My question is: what about a NSDictionary category method like -copyDeep that does a deep copy? The method used to be named -deepCopy, but I reversed the words as the analyzer looks for a prefix of "copy". Therefore I presumably couldn't add a prefix. And having the "prefix" in the middle or end of the method name seems messy and inconsistent.
I'd also be interested in thoughts on the style of prefix -- I currently use DS (for Dejal Systems) for class prefixes. But I know that Apple now wants to reserve all two-character prefixes for themselves, so am thinking about using Dejal, e.g. my class DSManagedObject would be renamed as DejalManagedObject. And getting back to categories, their methods would be renamed to add a dejal prefix, e.g. from -substringFromString: to -dejalSubstringFromString:. But -dejalCopyDeep would confuse the analyzer, so maybe I'd have to be inconsistent for such methods, and use -copyDeepDejal or -copyDeep_dejal?
I will be re-releasing my categories and various classes as open source once I've cleaned them up, so following the latest conventions will be beneficial.

I emailed the Apple Application Frameworks Evangelist about this, and got a reply that recommended not prefixing category method names. Which conflicts with the advice in the aforelinked WWDC10 session, but I assume reflects Apple's current thinking.
He recommended just looking at the beta seed API diffs to spot conflicts, which is what I've always been doing.

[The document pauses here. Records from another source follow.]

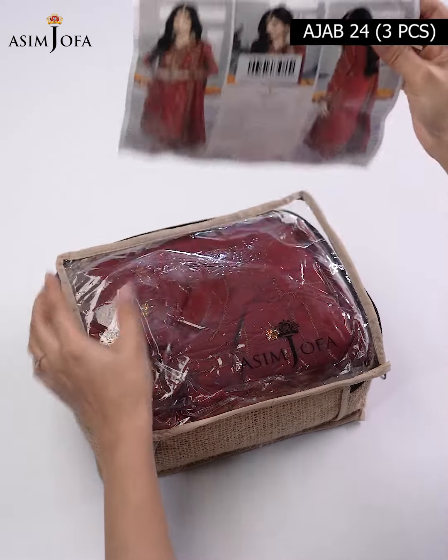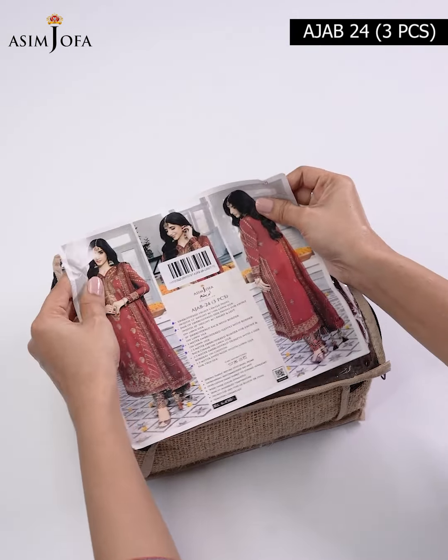Today we will unwrap Asim Joffa's 3-piece suit from its Abresham collection. You can see a very pretty shade. First we have an embroidered center panel for the front on non-silk fabric — the base color is deep red with beige color embroidery. It looks very elegant. Then we have a pair of embroidered side panels for the front, right and left, on non-silk fabric.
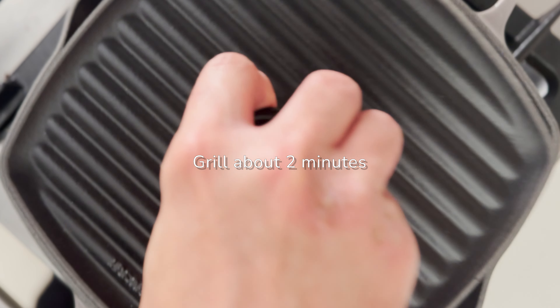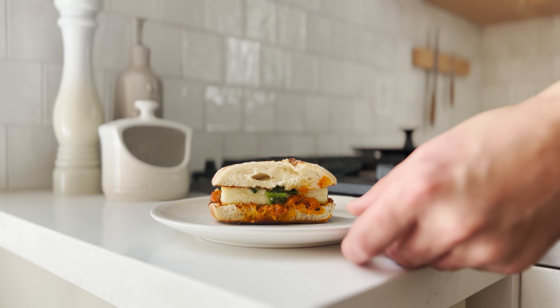Grill the sandwiches by pressing down with the panini press, remove from the heat and enjoy! Bon Appétit!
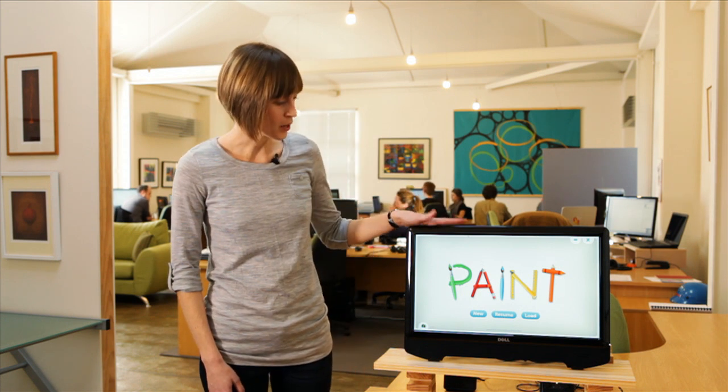Hi there, I'm Michela. Here at Fingertaps it's our job to create great touch friendly applications for everyone to have fun on their all-in-one device. Today I'd like to talk to you about our paint application. It's part of the kids suite and it's great for the budding artist. They can be creative and have fun without making a mess.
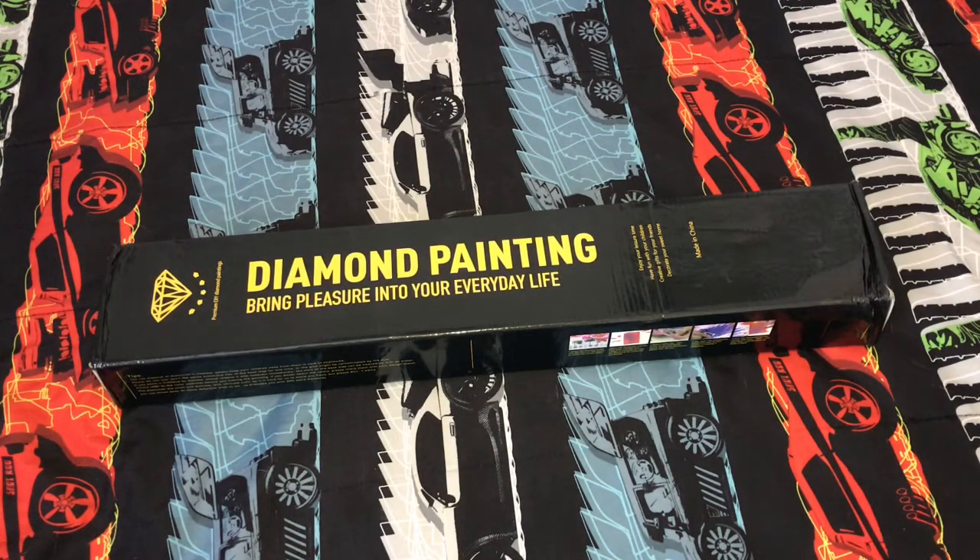Hi everybody, this is Natalie and welcome back to my channel. Today I have an unboxing for you - this is a painting from Pretty Neat Creative. They do a lot of advertising on Facebook and I wanted to try them out. I was able to get a 15% discount, and I also saw another YouTuber, Natalia from Love Crafts Forever, unbox one and fell in love with it. So let's dig in and see what I got.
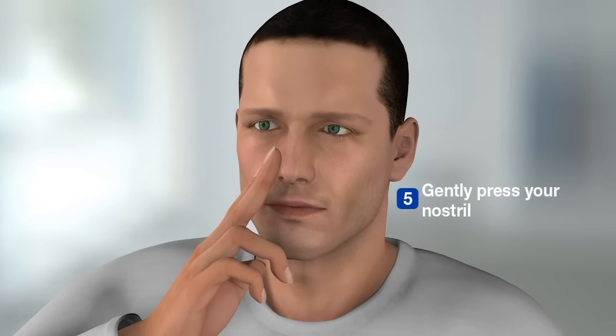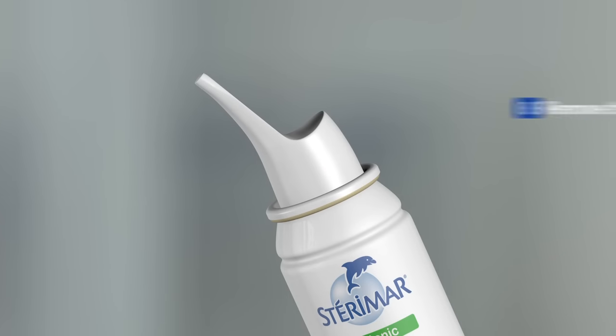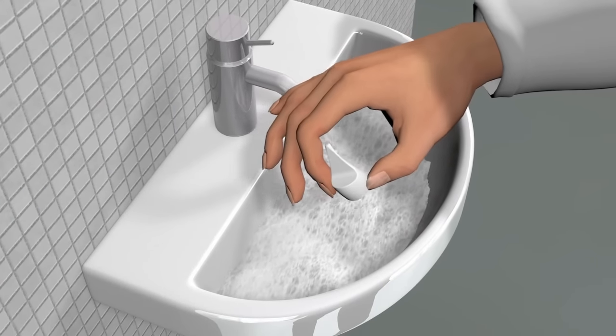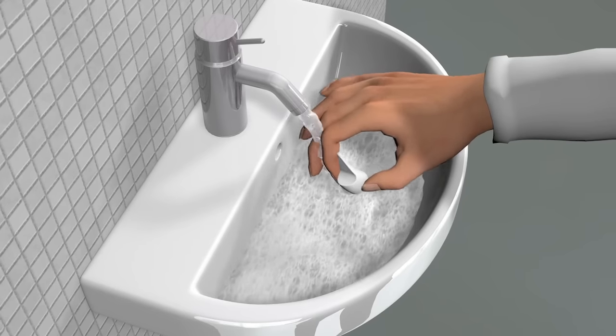Once you have used the spray, remove the can and then gently press your nostril. Blow your nose and then repeat this process in the other nostril. Once you have followed these steps, remove the nozzle and clean with soapy water to remove any remaining germs on the nozzle.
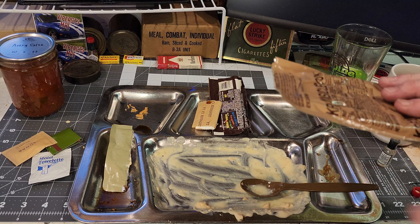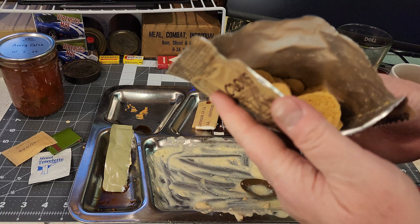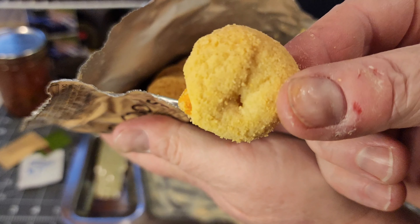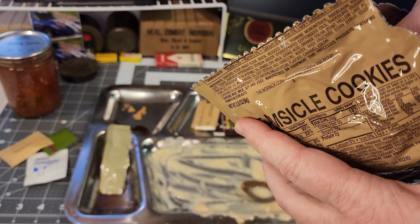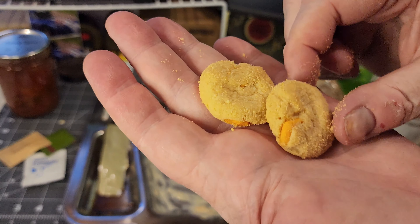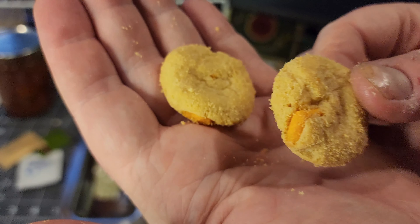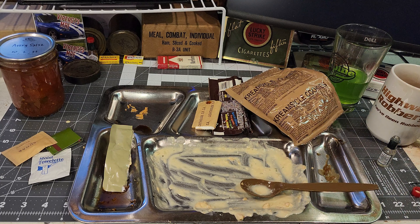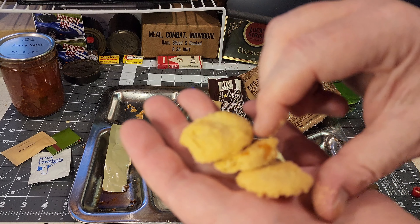Well, that was really good. Let's check out the creamsicle cookie. Oh — they're little cookies! That's why it felt like they were crushed. Interesting. I don't think I've ever had a creamsicle cookie. There are little orange chips in it and it tastes like an orange creamsicle sugar cookie. Never had anything like it and it's really good.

I agree with Kevin Ballard, you should prefix your category method names, particularly if you are going to distribute them to others. But you do have a valid concern the analyzer will be confused by DScopy. The ARC compiler will similarly be confused if the definition/implementation of DScopy is done without ARC and is used by another class using ARC (or vice versa).
My preferred solution is to use "ownership transfer annotations", such as:
NS_RETURNS_NOT_RETAINED
NS_RETURNS_RETAINED
They would be used to override the compilers default behavior of reading method names and acting on them. You might declare DScopy like so: (This declaration must be in a header file that is imported by all the classes that use this method mentioned due to link)
-(DSManagedObject *)DScopy; NS_RETURNS_RETAINED;
Source for NS_RETURNS... WWDC 2011 Session 322 - Objective-C Advancements in Depth. The meat of this issue begins at about time 9:10.
A note about "But I know that Apple now wants to reserve all two-character prefixes for themselves". As a personal preference I like to use the _ character to separate the prefix from the name, it works well for me. You might try something like:
-(DSManagedObject *)ds_copy; NS_RETURNS_RETAINED;
This would give you three characters, and arguably make the method name more readable.
Edit In response to link posted in comment.
However as Justin's answer to your original question says that can be broken.
With regards to attributes; I did not suggest using __attribute__((objc_method_family(copy))) I suggested using NS_RETURNS_RETAINED, which translates to :__attribute__((ns_returns_retained)). While the first example there won't even compile (as he says) using - (NSString *)string __attribute__((objc_method_family(copy))); it compiles with - (NSString *)string; NS_RETURNS_RETAINED; just fine.
Obviously also if the NS_RETURNS_.. are "hidden" from the compiler in separate the .ms or indirected in some other way and the compiler can't see the directives then it won't work. Because of this I would suggest putting the declaration for any methods that may cause the analyzer/compiler confusion in your main .h file (the one that imports all the others) to limit the chances that there will be an issue.

Related

Why is prefixing class, method, or variable names with "My" considered bad practice?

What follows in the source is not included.